Consider the Solow model (version 1.0) and assume that the economy is in steady state in year 2000. Draw the Solow diagram in a separate piece of paper and label this point A.

Q. In year 2000 a technological breakthrough increases TFP (A). Assume that the economy needs 10 years to reach the new steady state. Draw it in the Solow diagram and label the 2010 steady state as point B. Based on your analysis, which of the following statements is correct?

In year 2000 the investment curve shifts up. Point B is to the right of point A.

Between 2000 and 2010, GDP will increase. In the first few years of the decade, the growth rate will be low and will gradually accelerate as the years go by.

Between 2000 and 2010, GDP will increase gradually. In the first few years of the decade, the growth rate will be high and will gradually diminish as the years go by.

In year 2000 the investment curve shifts down. Point B is to the left of point A.

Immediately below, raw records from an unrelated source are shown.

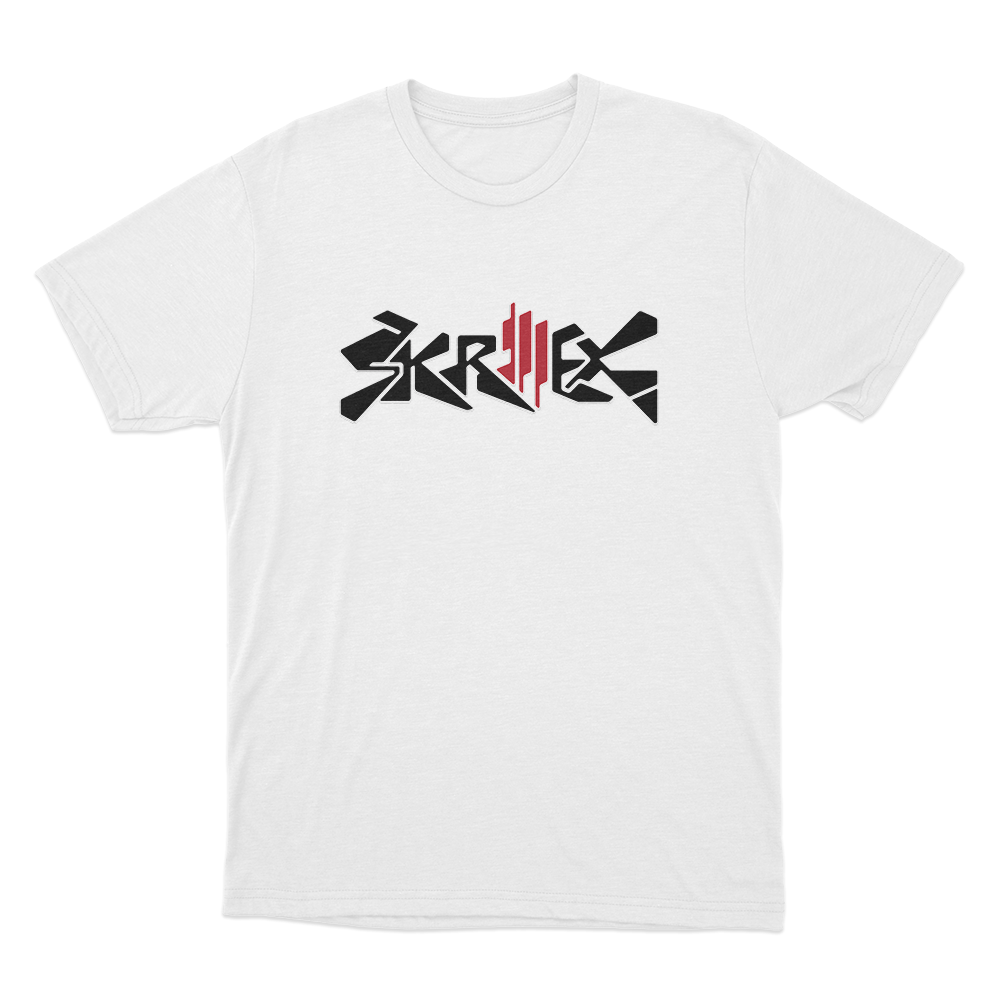 Skrillex Logo Unisex T Shirt White Skrillex Logo Unisex T Shirt White 1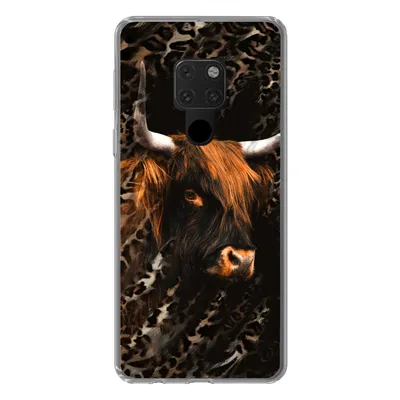 Produktbild von MuchoWow® Handyhülle Schutzhülle Hülle für Huawei P40 Lite Schottischer Highlander - Pantherdruck - Schwarz Silikon Softcase Handy Hülle - Handy
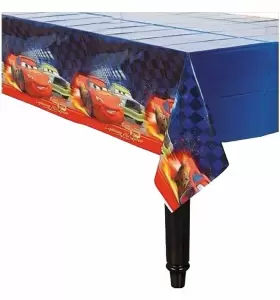 571763 Amscan New Disney Cars Movie Hallmark Plastic Table Cover Birthday Party Decoration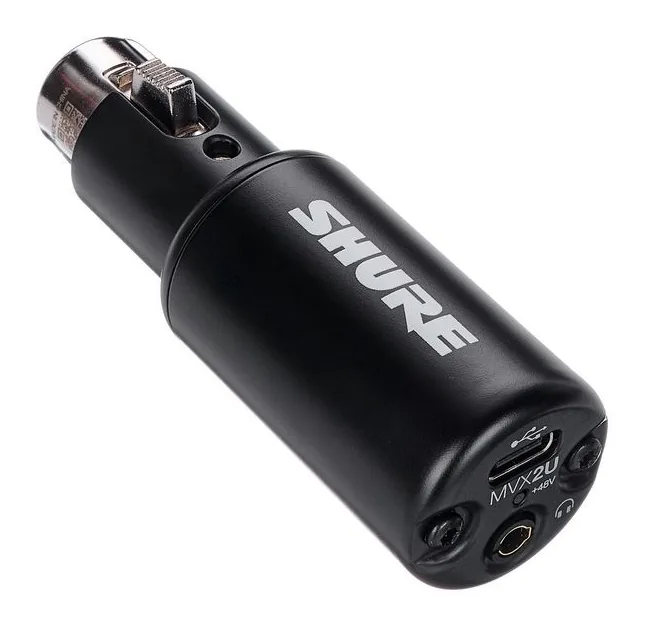 Shure Motiv MVX2U Gen 2, tulot etupuolella, kuva 3
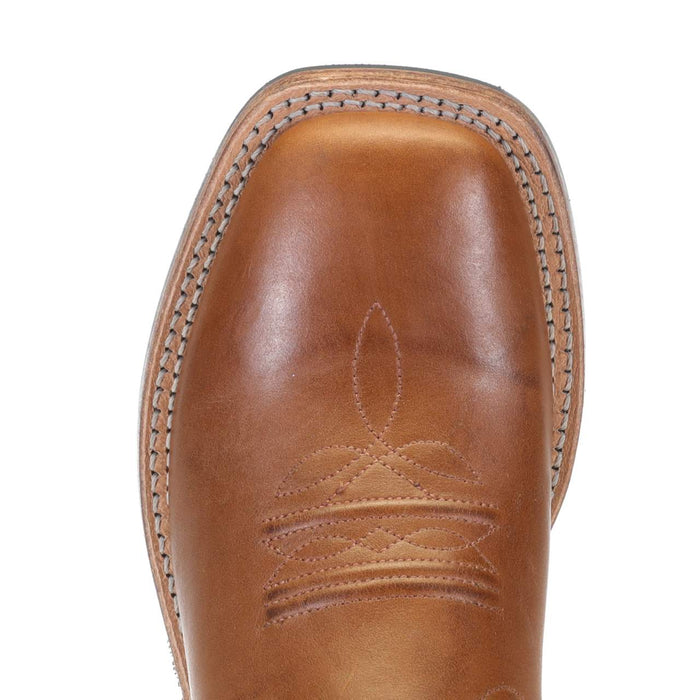 Old West Childrens Tan Canyon Pink Top Square Toe Boot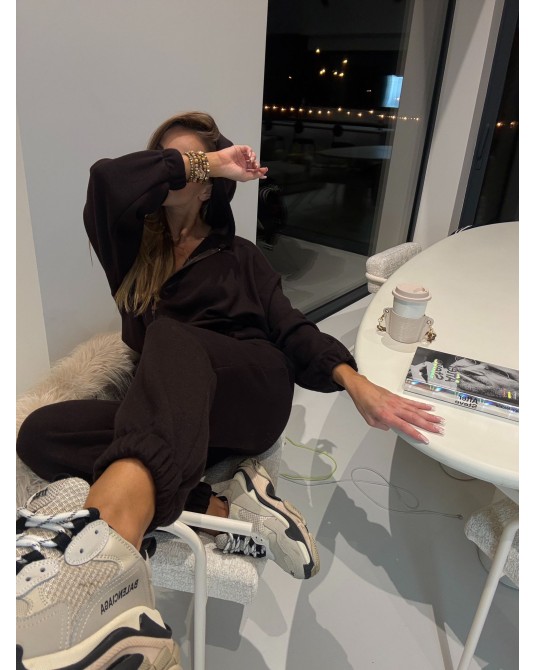 DZIANINOWY KOMBINEZON ▪️CZEKOLADA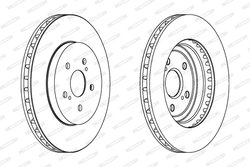 DISC FRANA FERODO DDF1544C - Compatibil cu LEXUS, TOYOTA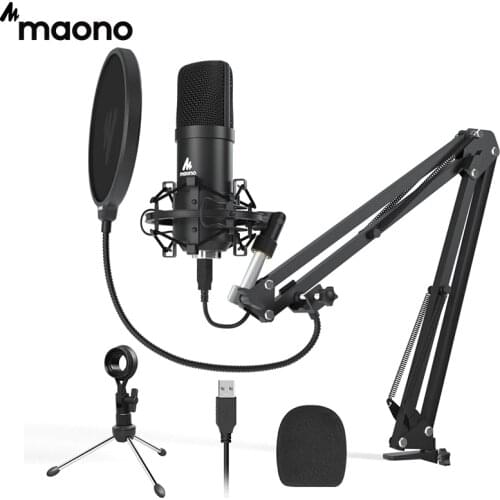 MAONO A04Plus USB Microphone Cardioid Condenser Podcast Microfono 192kHz/24bit Plug and Play With for Livestreaming YouTube ASMR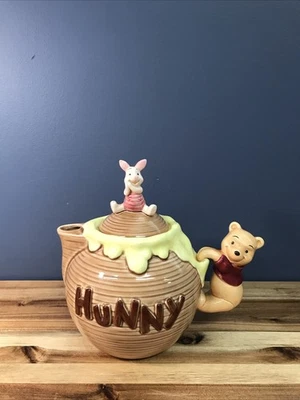 Disney Japan Winnie The Pooh Tea Pot; Can Be Used For Hot Beverages - Image 1 of 4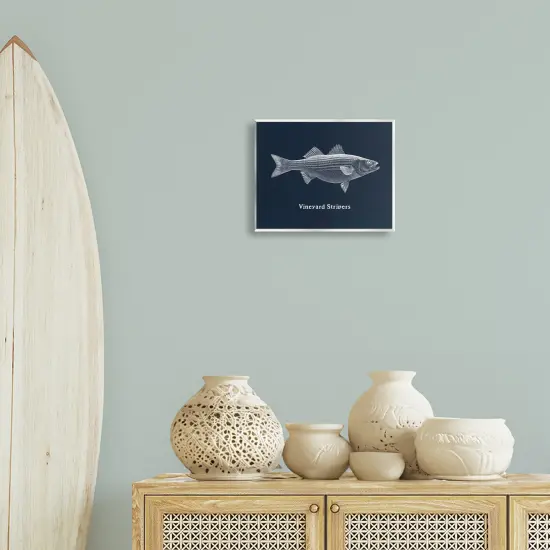Stupell Industries Vineyard Stripers Fish Wall Plaque Design by Phillipa Katz {2}
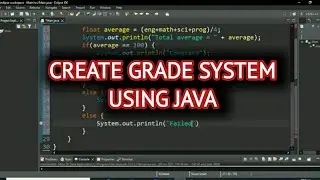 How to create grade system using java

Q. In year 2010, because of its higher level of income, the economy receives a large inflow of immigrant workers seeking a better life, equal to 5% of the country's initial population. Assume that the economy needs 10 years to reach the new steady state. Draw it in the Solow diagram and label the 2010 steady state as point C. Based on your analysis, which of the following statements is correct?

In year 2010 GDP will increase because of the increase in labor. Over time, GDP will increase further and in 2020 it will be 5% higher than in 2010.

In year 2010 both the investment curve and the depreciation lines shift up.

In year 2010 the investment curve remains unchanged but the production function shifts up.

In year 2010 the investment curve shifts up but the production function stays unchanged.

Suppose the economy of a country behaves as the Romer model. In year 2020 the government is considering two different immigration policies. We will make projections 10 years out in order to choose the most beneficial program.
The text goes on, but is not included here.